Nightly News | December 26, 2011
LESTER HOLT, anchor: Now to a massive security breach at a security firm whose laundry list of big-name clients includes Apple and the US military . The hacking group known as Anonymous says it's stolen thousands of credit card numbers and other personal information belonging to the firm's clients, but instead of going on a buying binge, you might be surprised by what they've apparently done. We get the details from our justice correspondent Pete Williams .
PETE WILLIAMS reporting: The company called Stratfor based in Austin , Texas , helps clients shield themselves from risk. Tonight it's scrambling to protect itself. Its website now contains only a brief corporate understatement that it's, quote, undergoing maintenance. Hackers from the group Anonymous claim they stole thousands of credit card numbers and other personal information from the company and used it to make donations to charity. Some were corporate and government clients, but individual subscribers to Stratfor 's service were also among the victims, including this former employee of the Texas Department of Banking .

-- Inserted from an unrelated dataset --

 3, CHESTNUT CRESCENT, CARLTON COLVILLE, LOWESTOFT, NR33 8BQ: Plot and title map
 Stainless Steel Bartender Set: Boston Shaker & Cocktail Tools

Mr. ALLEN BARR (Hacking Victim): In this instance they're taking it from individuals who take -- you know, they could have ruined our Christmas . They could have ruined our lives.
WILLIAMS: He says the hackers tried to steal $700 from his account, giving 200 of it as a donation to the Red Cross . In a widely circulated statement, the group says there's, quote, "plenty more havoc in store for the rest of the week" and calls for the release of Army Private Bradley Manning , accused of passing on thousands of classified government documents to WikiLeaks , the website that the hacker group Anonymous has sought to aid in the past.

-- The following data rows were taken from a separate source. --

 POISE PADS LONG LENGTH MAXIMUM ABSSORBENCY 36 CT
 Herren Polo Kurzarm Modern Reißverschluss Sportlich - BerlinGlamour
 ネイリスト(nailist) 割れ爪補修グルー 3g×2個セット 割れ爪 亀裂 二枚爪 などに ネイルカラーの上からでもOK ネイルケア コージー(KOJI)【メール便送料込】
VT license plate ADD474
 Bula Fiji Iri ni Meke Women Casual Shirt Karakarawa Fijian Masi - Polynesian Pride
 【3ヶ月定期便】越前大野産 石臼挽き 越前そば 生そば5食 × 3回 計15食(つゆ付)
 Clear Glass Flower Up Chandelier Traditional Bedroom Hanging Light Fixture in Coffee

Mr. EVAN KOHLMANN (NBC Terrorism Analyst): I think the lesson here is for companies that do have this kind of sensitive information, now is the time to secure it. It's no longer enough to simply say, 'Well, it might not happen.'
WILLIAMS: Tonight Stratfor says it's putting systems in place to prevent something like this from happening again. The hackers say the company should have stored the credit card numbers in encrypted files in the first place . Pete Williams , NBC News, Washington.